In this regard, when the dosage regime represents only a selection within the teachings already disclosed in the prior art, the requirements of selection patents must be met in order to comply with the novelty requirement. Similarly, the dosage regimen must provide a specific technical effect when compared with the prior art in order to meet the inventiveness requirement.

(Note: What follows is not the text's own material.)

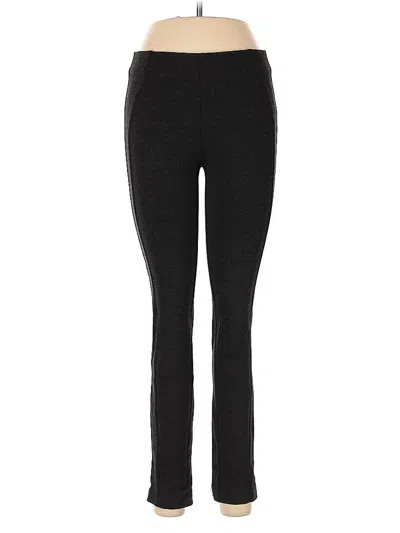 Pre-owned Ecru Active Pants In Black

In the case at hand, the appeal court found that Merck's patent failed to meet the inventiveness requirement because the dosage regimen of between approximately 0.05mg and 1mg as claimed in the patent provided no specific technical effect. The effectiveness of low dosages of finasteride in the oral treatment of androgenic alopecia had already been disclosed, and the two prior art papers asserted by Merck as 'teaching away' evidences could not be considered as such. Those papers raised doubts about the way in which finasteride worked, but did not exclude its efficacy in the treatment of androgenic alopecia. The need to conduct further tests in order to find the specific lowest possible dosage that maintains the efficacy of the product was only part of the general good practice in the field.
The Madrid Court of Appeal has confirmed the relevance of decisions already issued by the European Patent Office with regard to dosage patents, despite the fact that they are not binding. This judgment confirms the patentability of dosage regimes provided that they always comply with the novelty and inventiveness requirements, which must be strictly assessed in order to avoid evergreening practices.